If you signed your P and S Agreement in California, and Diamond sold you "real estate," I believe your salesperson (? or designee) must be a California real estate salesperson, and I believe Diamond'a actions, and the actions of their salesperson are subject to rules and regulations of the California Bureau of Real Estate (CBRE). You should call the CBRE to confirm this.

If you believe that you have rescinded in a manner consistent with your contract, and California State Regulations, I would contact the California Attorney General, as suggested above, AND the California Bureau of Real Estate.

SEE: http://www.dre.ca.gov/consumers/filecomplaint.html

If Diamond has acted unscrupulously (been alleged by many), I would use every avenue to your avail to make every regulatory agency in California who oversees Diamond's business practices in California, aware of whatever (Diamond) unscrupulous business practices you may have been subjected to.

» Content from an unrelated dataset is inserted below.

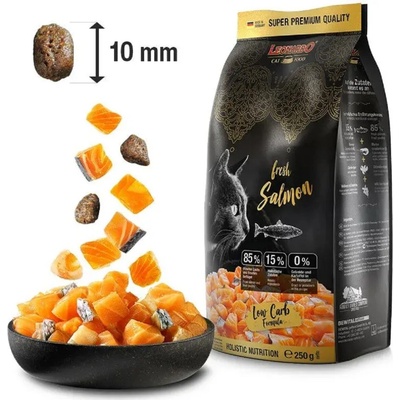 Leonardo Fresh Salmon 1,5 kg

I think you would be prudent to not lay eyes or ears on anything associated with Diamond in the future. Be forewarned, in California Diamond operates an outfit called "Embarc," it's Diamond Poison of another name and flavor. Best that you stay clear of Embarc, as well.


----------



## davidvel (Jun 20, 2017)

Anand Vaidyanathan said:


> Contract was signed in California. Timeshare points are for Diamond Resorts club points which is not tied to a specific location. I did get public report and rescission rights (RE 615) as attached. I signed contract on 6/3/17 (Sat), signed rescission rights (RE 615) on 6/10/17 (Sat) and emailed & faxed rescission rights on 6/11/17 (Sun) and certified mail was sent out on 6/12/17 (Mon)


Sorry, but when you signed rescission is not relevant, its when you sent/faxed (if they had fax in contract) it. This is not legal advice to you, but unfortunately it appears that based upon this, you were at least a day late if you received the public report the same day you signed the contract. You may still want to consult with a lawyer with expertise in CA timeshare law to confirm you have no other options.


----------